What a sad life they have. I feel bad for them, pity them really. They don’t know how to love. But you, you do. You have a husband who clearly loves you and now you get to have a life filled with kindness, compassion and strength because you chose a man that sees you. That cares about you and that worries about you.
Count your blessings out loud for your brain to really hear it. Embrace your husband and don’t let your pitiful family ruin anything else for you. They may try but only you can let them succeed.
Move forward with your life. What you thought you were and what they claim you were is NOT who you are now. You are a woman with choices who has a person by her side that loves her and chose her above all others. Enjoy your honeymoon to the fullest and don’t let them take that away from you too.

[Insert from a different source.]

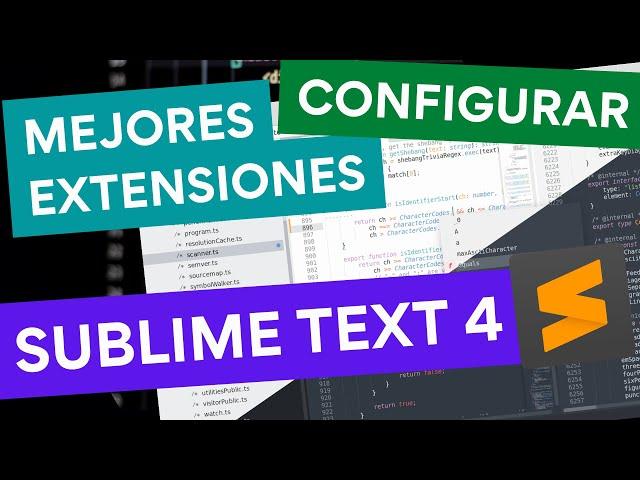 Instalar y Configurar Sublime Text 4 en Linux y Windows, con las Mejores Extensiones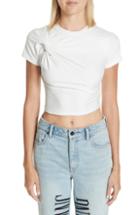 Women's Vince Camuto V-neck Mix Media Top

They only have power over you if you give it to them. That goes for words and for your parents. Take your power back.
wispyciel writes:
They'd be dead to me. Doing this kind of thing to anyone on any occasion is bad enough.. but they do it on your wedding? To celebrate your life, your happiness.. and then they destroyed it with such malice?
They're horrible people. They don't care about you, respect you, or love you. Screw them. Good on your husband for telling them off. Focus on him and you.. and punish your "family" (more like toxic blood ties) by living a better life than them.. and don't look back.
I'm shaking, fuming and enraged for you. I'm holding back on all the horrible words I have to describe those people. Please go no contact.. they don't have your best interests at heart. People who love you don't treat you this way. Create your own family and leave that one behind.
Take things one day at a time.. have some down time, relaxation time.. remind yourself what's most important in your life. Your husband and those who love you for you.. no matter what. I'm sorry that you went through this.. I hope you have a wonderful future with your husband.